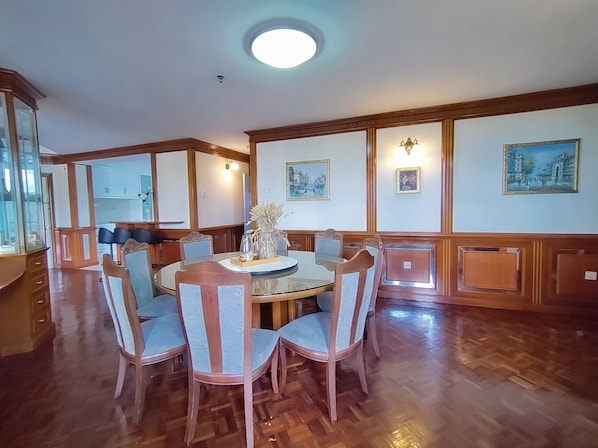 Signature-Penthouse, 5 Schlafzimmer | Wohnbereich | 22-Zoll-Flachbildfernseher mit Digitalempfang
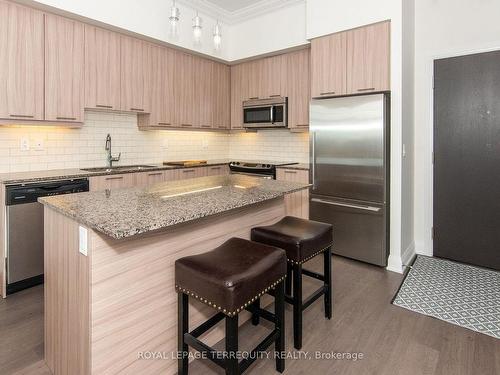 1207-35 Fontenay Crt, Toronto, ON - Indoor Photo Showing Kitchen With Stainless Steel Kitchen With Upgraded Kitchen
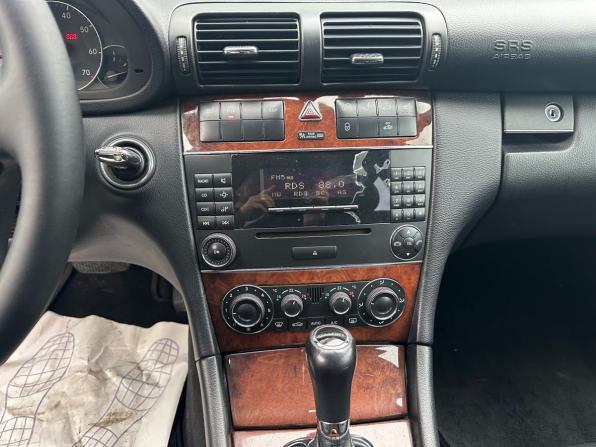 Mercedes-Benz C-Класс II (W203) Рестайлинг с пробегом 2006 года, цена 549 000 рублей, 335184 км, седан, Автокод Объявления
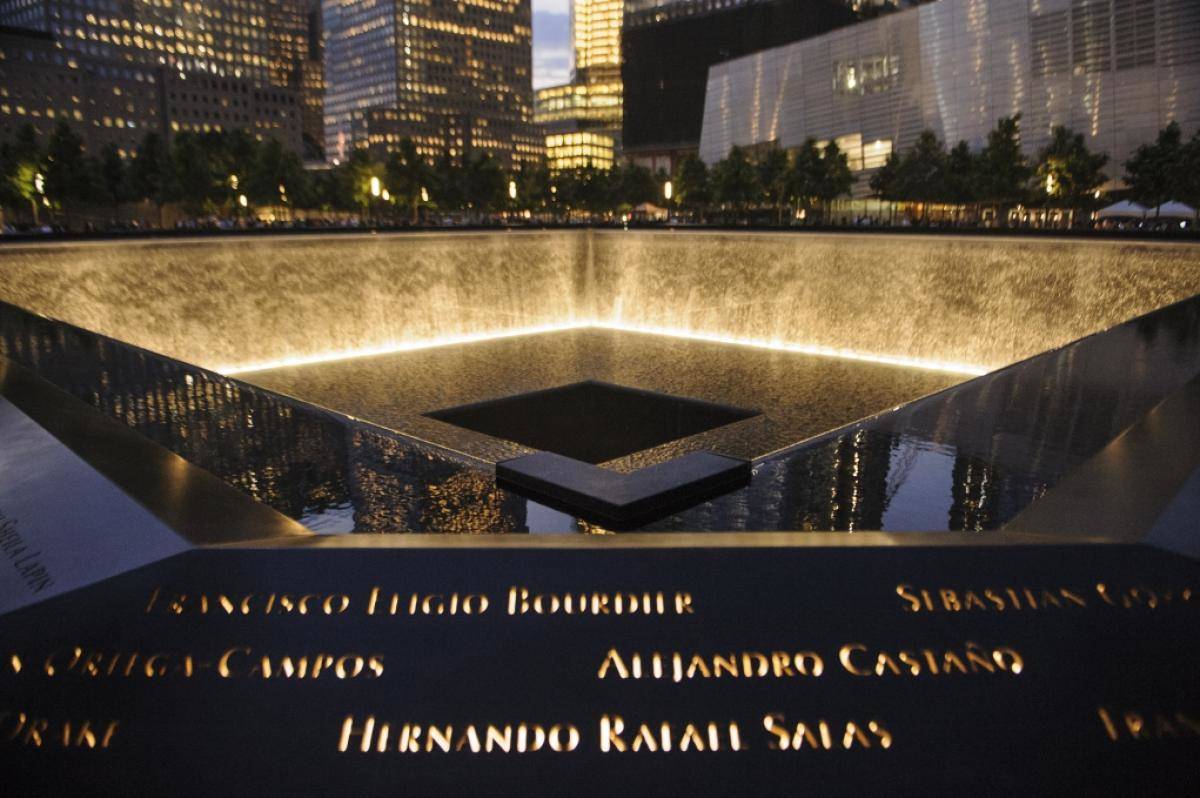 Память 9 11. Мемориал 9/11 в Нью-Йорке. Мемориал 11 сентября в Нью-Йорке. Мемориал 911 в Нью-Йорке. Музей 11 сентября в Нью-Йорке.
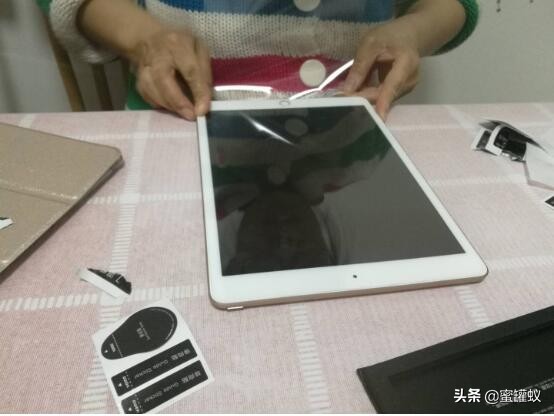 平板贴膜详细教程注意以下几点,怎么看平板贴膜了和没有贴膜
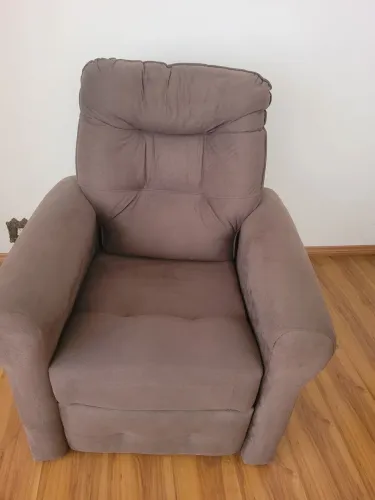 Vende-se  , poltrona do papai,  em Ótimo estado,  muito linda.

-=-=-

» **TASK DESCRIPTION**:
Give back the records above word for word, minus any image they hold.

» **SOLUTION**:
 Signature-Penthouse, 5 Schlafzimmer | Wohnbereich | 22-Zoll-Flachbildfernseher mit Digitalempfang
 1207-35 Fontenay Crt, Toronto, ON - Indoor Photo Showing Kitchen With Stainless Steel Kitchen With Upgraded Kitchen
 Mercedes-Benz C-Класс II (W203) Рестайлинг с пробегом 2006 года, цена 549 000 рублей, 335184 км, седан, Автокод Объявления
 Память 9 11. Мемориал 9/11 в Нью-Йорке. Мемориал 11 сентября в Нью-Йорке. Мемориал 911 в Нью-Йорке. Музей 11 сентября в Нью-Йорке.
 平板贴膜详细教程注意以下几点,怎么看平板贴膜了和没有贴膜
 Vende-se  , poltrona do papai,  em Ótimo estado,  muito linda.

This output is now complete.